In accordance with section 782(i)(1) of the Act, we will verify the information submitted by the respondents prior to making our final determination.
Suspension of Liquidation
In accordance with section 703(d)(1)(A)(i) of the Act, we calculated an individual rate for each manufacturer of the subject merchandise. We preliminarily determine the total estimated net countervailable subsidy rates to be:
|Producer/Exporter||Net Subsidy Rate|
|Ispat Sidbec Inc.||6.37 %|
|Ivaco Inc.||0 %|
|Stelco Inc.||0 %|
|All Others||6.37 %|
In accordance with sections 777A(e)(2)(B) and 705(c)(5)(A), we have set the “all others” rate as Ispat Sidbec's rate because the rates for all other investigated companies are zero.
In accordance with section 703(d) of the Act, we are directing the Customs Service to suspend liquidation of all entries of wire rod from Canada which are entered, or withdrawn from warehouse, for consumption on or after the date of the publication of this notice in the Federal Register, and to require a cash deposit or bond for such entries of the merchandise in the amounts indicated above, except for entries from Ivaco Inc. and Stelco Inc. This suspension will remain in effect until further notice. Entries from Ivaco Inc. and Stelco Inc. are not subject to this suspension of liquidation because we have preliminarily determined their rates to be zero.
In accordance with section 703(f) of the Act, we will notify the ITC of our determination.
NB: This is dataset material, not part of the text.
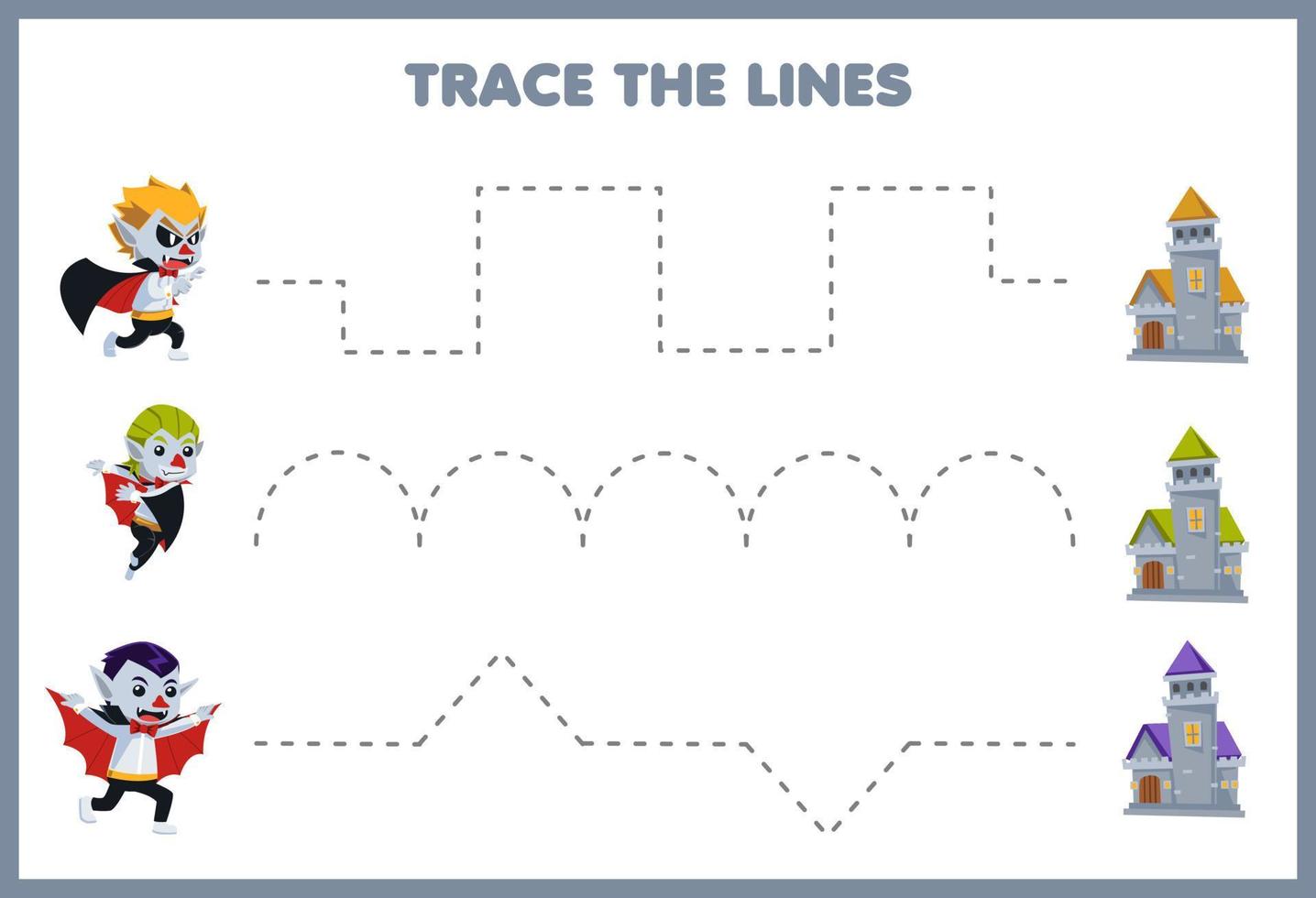 jeu éducatif pour les enfants pratique de l'écriture tracer les lignes avec château de dessin animé mignon et image de costume de dracula feuille de travail imprimable halloween vecteur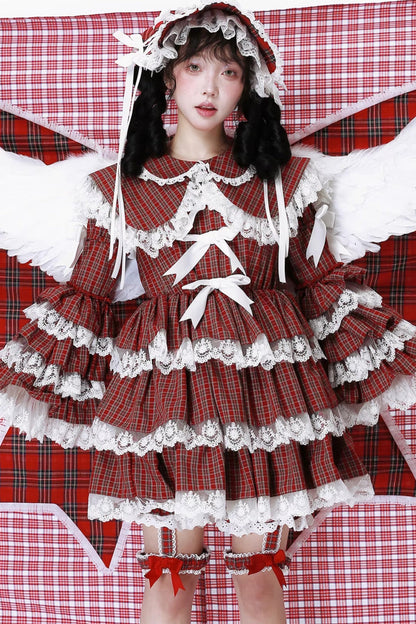 Puppe Vintage Kleid Check Retro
In addition, we are making available to the ITC all nonprivileged and nonproprietary information relating to this investigation. We will allow the ITC access to all privileged and business proprietary information in our files, provided the ITC confirms that it will not disclose such information, either publicly or under an administrative protective order, without the written consent of the Assistant Secretary for Import Administration.
In accordance with section 705(b)(2) of the Act, if our final determination is affirmative, the ITC will make its final determination within 45 days after the Department makes its final determination.
Case briefs for this investigation must be submitted no later than one week after the issuance of the last verification report. Rebuttal briefs must be filed within five days after the deadline for submission of case briefs. A list of authorities relied upon, a table of contents, and an executive summary of issues should accompany any briefs submitted to the Department. Executive summaries should be limited to five pages total, including footnotes.
Section 774 of the Act provides that the Department will hold a public hearing to afford interested parties an opportunity to comment on arguments raised in case or rebuttal briefs, provided that such a hearing is requested by an interested party. If a request for a hearing is made in this investigation, the hearing will tentatively be held two days after the deadline for submission of the rebuttal briefs at the U.S. Department of Commerce, 14th Street and Constitution Avenue, NW, Washington, DC 20230. Parties should confirm by telephone the time, date, and place of the hearing 48 hours before the scheduled time.
Interested parties who wish to request a hearing, or to participate if one is requested, must submit a written request to the Assistant Secretary for Import Administration, U.S. Department of Commerce, Room 1870, within 30 days of the publication of this notice. Requests should contain: (1) the party's name, address, and telephone number; (2) the number of participants; and
(3) a list of the issues to be discussed. Oral presentations will be limited to issues raised in the briefs.
This determination is published pursuant to sections 703(f) and 777(i) of the Act.Start Signature
February 2, 2002
Assistant Secretary for Import Administration.